Data Science Capstone - Milestone Report

Introduction

This report presents exploratory data analysis for three English corpora (blogs, news, and Twitter), and outlines the strategy to build a next word prediction model and Shiny app.

Data Summary

blogs <- readLines("data/en_US.blogs.txt", encoding = "UTF-8", skipNul = TRUE)
news <- readLines("data/en_US.news.txt", encoding = "UTF-8", skipNul = TRUE)
twitter <- readLines("data/en_US.twitter.txt", encoding = "UTF-8", skipNul = TRUE)
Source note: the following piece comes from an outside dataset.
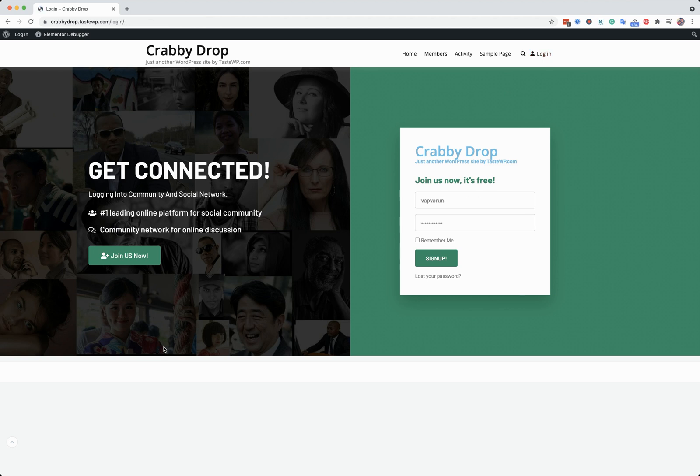So, in that way, you can create your branded login pages. And you can also bypass the default WordPress login using this approach. Hopefully, you have got the concept. And if you have any questions, contact us. Thank you.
data_summary <- data.frame(
  Dataset = c("Blogs", "News", "Twitter"),
  LineCount = c(length(blogs), length(news), length(twitter)),
  WordCount = c(sum(stri_count_words(blogs)), 
                sum(stri_count_words(news)), 
                sum(stri_count_words(twitter)))
)

kable(data_summary)

Dataset	LineCount	WordCount
Blogs	899288	37546806
News	1010206	34761151
Twitter	2360148	30096690

Basic Plots

blogs_df <- data.frame(text = blogs)
blogs_tokens <- blogs_df %>%
  unnest_tokens(word, text) %>%
  anti_join(stop_words) %>%
  count(word, sort = TRUE)

## Joining with `by = join_by(word)`

blogs_tokens %>%
  top_n(20) %>%
  ggplot(aes(x = reorder(word, n), y = n)) +
  geom_col() +
  coord_flip() +
  labs(title = "Top 20 Words in Blogs Dataset", x = "Word", y = "Count")

## Selecting by n

Next Steps

We will use n-gram models (uni, bi, tri) and backoff strategies to predict the next word. The final app will be built using Shiny.

Conclusion

Exploratory analysis is complete and we are set to move toward building the predictive model and app.